What is expected => When you transcribe the listing that follows, keep every line exact and omit the pictures.

Information shown =>
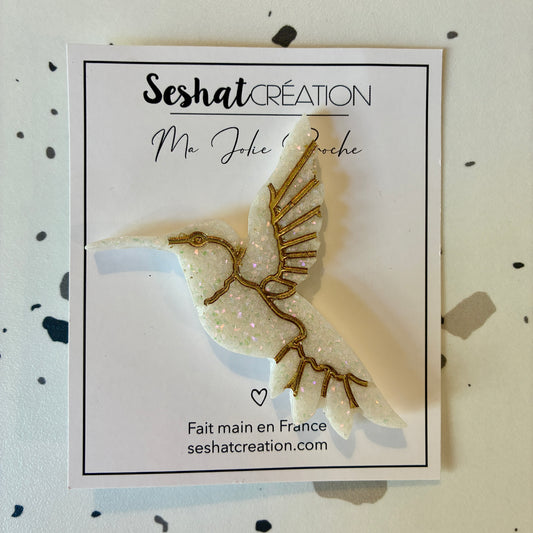 Broche Bird blanc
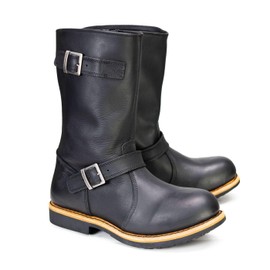Milwaukee Leather MBM9066 Men's Antique Black Classic Engineer Motorcycle Riding Boots - 10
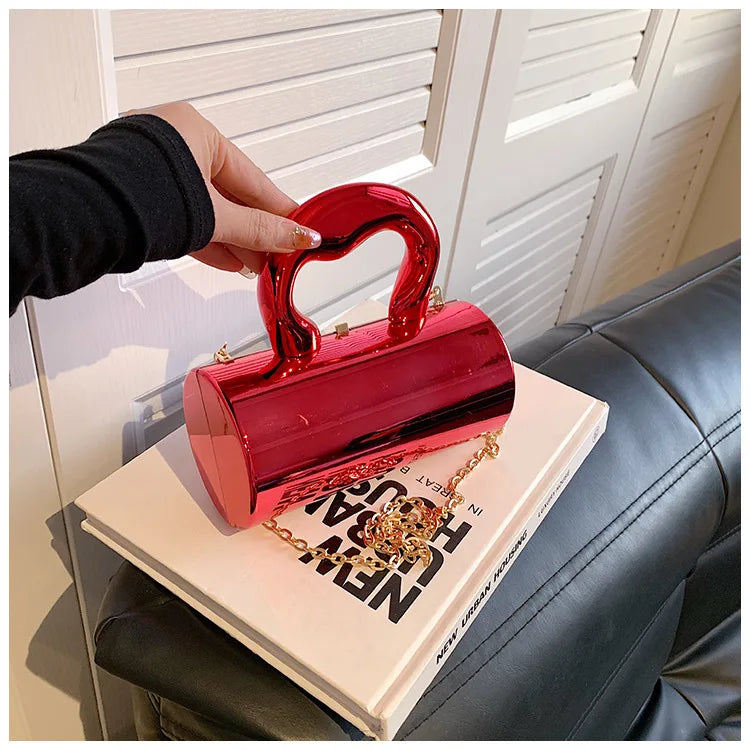 Women's Handbag Bags For Women 2025 Party Clutches Fashion Cylinder Mini Evening Purse Crossbody Shoulder Bag Gold Box Clutch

Problem solution =>
 Broche Bird blanc
Milwaukee Leather MBM9066 Men's Antique Black Classic Engineer Motorcycle Riding Boots - 10
 Women's Handbag Bags For Women 2025 Party Clutches Fashion Cylinder Mini Evening Purse Crossbody Shoulder Bag Gold Box Clutch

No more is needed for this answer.